Solved

Could someone create an array of thread(fifo)

Posted on 2010-11-16
17
689 Views
Last Modified: 2013-11-23
Could someone create an array of thread like this;
CIULYs multithreading(fifo)
http://www.ciuly.com/index.php/download_file/58/

I have ask so many questions, and I am satisfied, but I would like to begin with another approach like ciuly did in multithreaded_file_search, fifo.

As epasquier said;
Jjust remember that multithreading can be WORSE than 1 thread only.

But I would like to try some new approach like (fifo),  even if I have only 1 cpu core, I have to try all possible approach that would possibly gain a little.

epasquier?
I know your listening, but please let me ask this question once again in other approach(fifo)
It would be nicer if you try,  than telling me another words that makes me laugh.
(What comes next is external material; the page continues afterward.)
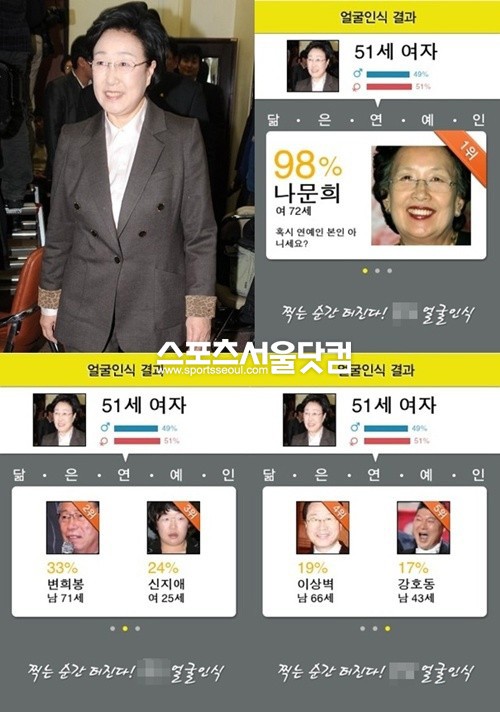 ▲ 얼굴인식 어플을 이용해본 결과 한 대표는 배우 나문희와 98% 수준으로 닮은꼴인 것으로 나타났다. /얼굴인식 어플 캡처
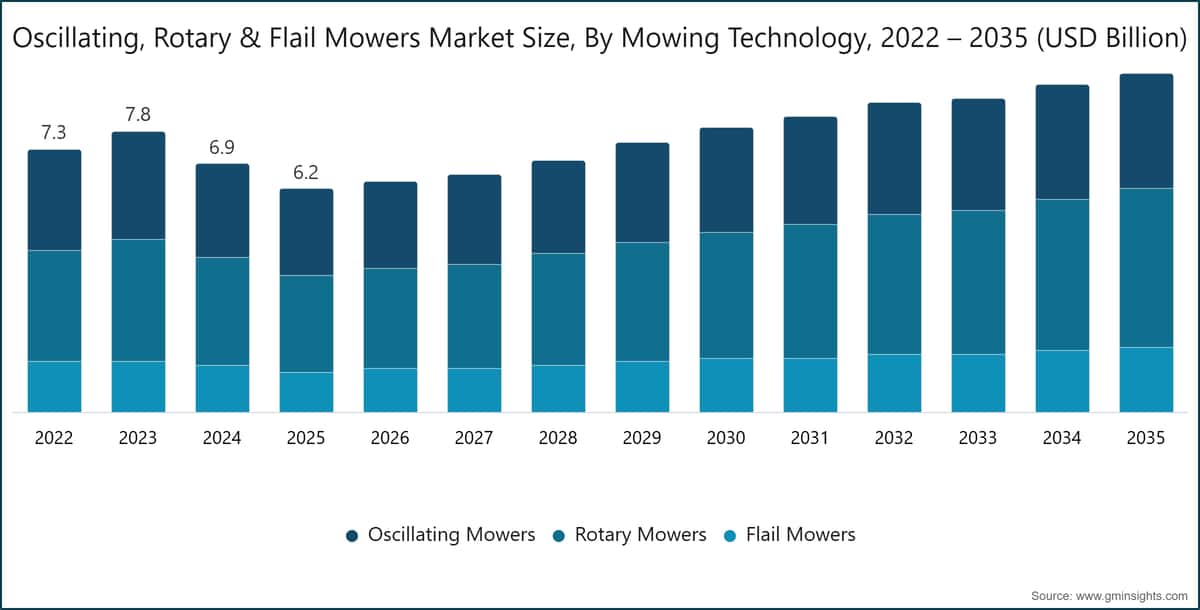 Oscillating, Rotary & Flail Mowers Market Size, By  Mowing Technology, 2022 – 2035 (USD Billion)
I already did try this method, because as I look at it was the same as ciulys method.
http://wiki.lazarus.freepascal.org/Example_of_multi-threaded_application:_array_of_threads

But I can do just a basic; not like ciulys (fifo)
http://www.experts-exchange.com/Programming/Languages/Pascal/Delphi/Q_26617507.html

One last try;
Thanks
///

This is in my Main_Form unit, that calls [identifying function] from unit [uUtil]

///

uses uUtil, ...

procedure TForm1.BUTTON_iDENtifyClick(Sender: TObject);

var

  ret, score: Integer;

  Ticks : Cardinal;

begin

  score := 0;

  ticks := GetTickCount();



  ret :=  Identifying (score);



  if ret > 0 then

  begin

    ShowMessage(' BlobField Identified_with_ID is  '+ IntToStr(ret) + '  and the Score of the context is  ' + IntToStr(score) );

  end

  else if ret = 0 then

     ShowMessage('not_iDentified')

  else

    ShowMessage('Error');



    ticks := GetTickCount - ticks;

    ShowMessage('Number of Seconds found:' + IntToStr(ticks) );

end;









///

This is the code of unit uDBClass that it to be called by [Main_Form] unit and unit [uUtil]

///

unit uDBClass;



interface



uses ....



  TDBClass = class

  private

    // the connection object

    mycon: TSQLite3Connection;

    // SQL Transaction

    transact: TSQLTransaction;

  public

    // a data set to maintain all records of database

    ds0: TSQLQuery;



    function openDB(): boolean;

    procedure closeDB();

  end;



implementation

...

...

// Open connection

function TDBClass.openDB(): boolean;

var i,i2,size:integer;

tmp:string;

begin

   try

        ds0 := TSQLQuery.Create(nil);



        mycon := TSQLite3Connection.Create(nil);

        transact := TSQLTransaction.Create(nil);



        mycon.Directory := '';

        mycon.DatabaseName := 'dbsqlite.db';



        transact.DataBase := mycon;

        transact.Action := caCommit;

        transact.Active := True;



        mycon.Transaction := transact;

        mycon.Open;



        ds0.DataBase := mycon;

        ds0.DisableControls;



        ds0.SQL.Text := 'select id, template from table1';

        ds0.CreateDataSet;

        ds0.Prepare;

        ds0.Open;

        ds0.ActiveBuffer;



        openDB := true;

  except

        openDB := false;

  end;

end;



// Close conection

procedure TDBClass.closeDB();

begin

  mycon.Close;

  mycon.Free;

  mycon := nil;

  transact.Free;

  transact := nil;

end;



end.











///

This code is unit [uUtil] that calls database unit [uDBClass]

///

unit uUtil;





interface



uses udBclass,...



Var

  // Database class.

  dB: TDBClass;



implementation



function first_called_from_main_form_during_load_for_opening_db

begin

...

// Opening database

dB := TDBClass.Create();

if not dB.openDB() then

 begin

...

    Exit;

  end;

...

end;



//NEED to apply FIFO (first in first out) like ciuly did in his file search multithreading

function identified(var dsRec: TSQLQuery; out score:integer): integer;

  var ret:integer;

  FIeld: TField;

begin

  Field := dsRec.FieldByName('template');

  dsRec.DisableControls;

dsRec.First;

while not dsRec.EOF do

begin

ret := called_from_dll_IDENTIFY( PChar(Field.AsString), score, 0);

if (ret = 1) then

 begin

 Identified := dsRec.FieldByName('id').AsInteger;

 exit;

 end

 else if (ret < 0) then

 begin

 Identified := ret;

 exit;

 end;

dsRec.Next;

end;

 if (ret = 0) then

 begin

 Identified := 0;

 end;

end;



//This is called in unit Main_Form [uMain]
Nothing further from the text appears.